IŞİD'i vurmanın havası
MESELE tek taraflı mı, uluslararası koalisyonla birlikte mi olacağıydı. Tek taraflı hareket bir çılgınlık olabilirdi, sonu belirsiz bir maceraya sürükleyebilirdi bizi. Sonuçta ne Suriye'ye girdik ne savaşa girdik....
MESELE tek taraflı mı, uluslararası koalisyonla birlikte mi olacağıydı.
Tek taraflı hareket bir çılgınlık olabilirdi, sonu belirsiz bir maceraya sürükleyebilirdi bizi.
Sonuçta ne Suriye'ye girdik ne savaşa girdik.
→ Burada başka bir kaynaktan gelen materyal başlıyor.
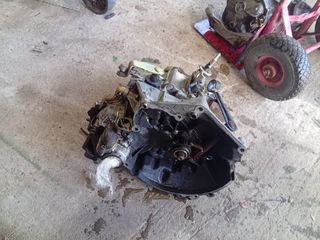 Σασμάν XSARA 206 307 106 saxo Berlingo 1.4 8V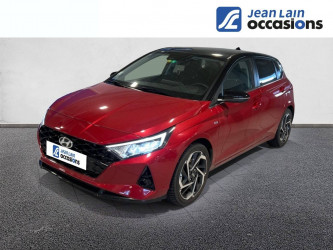 HYUNDAI i20 i20 1.0 T-GDi 100 Hybrid 48V Creative 19/05/2021 en vente à Ville-la-Grand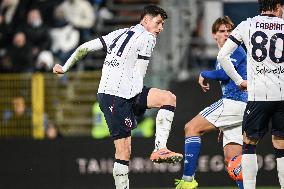 CALCIO - Serie A - Como 1907 vs Bologna FC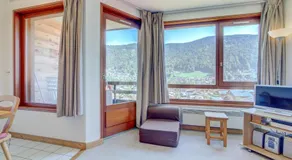 Mitoulets 3 40 Studio - Snow and Trek -Morzine - Image 2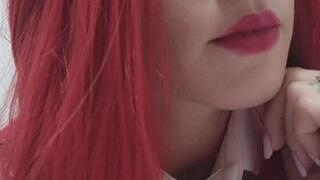 Slow Controlled Flare Breathe Me In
Sadece koalisyonda daha aktif bir role girdik. Bazı cereyanları terse çevirmeye yetti.
En başta: ABD ile ilişkilerimizin havası değişti. Aramızdaki Suriye makası epey açılmıştı, bir parça kapandı. İzlenecek askeri politika konusunda bir orta yol bulundu demektir.
Sonra: IŞİD'e karşı kurulan uluslararası hava gücüne İncirlik Üssü açılınca, güvenli bölge ve hava korumasının önü de açıldı.
Ankara'nın uçuşa yasak bölge gibi daha ileri taleplerini tam karşılamasa da işini görecek kadar bir kazanım.
En büyük kazanımsa tek taraflı müdahale, yani kara savaşına sürüklenme tehlikesinin bertaraf edilmiş olmasıdır. O şık elendi.
Türkiye ne yapacaksa koalisyon içinde yapacak. Tek başına değil. Riskleri müttefikleriyle birlikte göğüsleyecek.
* * *
En kötü senaryo, hatta kâbus senaryosu gerçekleşmedi. Ordunun komşu ülke topraklarına gireceği bir sınır ötesi kara harekâtı görünmüyor ufukta.
Üçüncü bir şık daha vardı, o oldu.
O şık, sınır güvenliğiyle sınırlı bir askeri müdahale fikriydi. Suriye içinde, F-16'larla havadan, tanklar ve toplarla sınırın bu tarafından korunan bir emniyet şeridi oluşturulmasıydı. O tarafta kara harbini ise ÖSO'ya bırakmayı kapsıyordu.
Ve nihayet: Bu opsiyonla IŞİD'i vurmak, savaş çığırtkanlarının da havasını bozdu.
'IŞİD'i niye vurmuyoruz, daha neyi bekliyoruz' diye ortalığı inletiyorlardı.
'Ne işimiz var bizim Suriye'de, neyimize bizim IŞİD'i vurmak' demeye başladılar. Dün savaş tamtamı çalanlar, 'savaşa hayır'cı kesildi birden.
Çünkü havadaki elektrik değişti. Yeni durumda PYD avantajlı konumunu kaybedecek. Bir sonucu da bu oldu.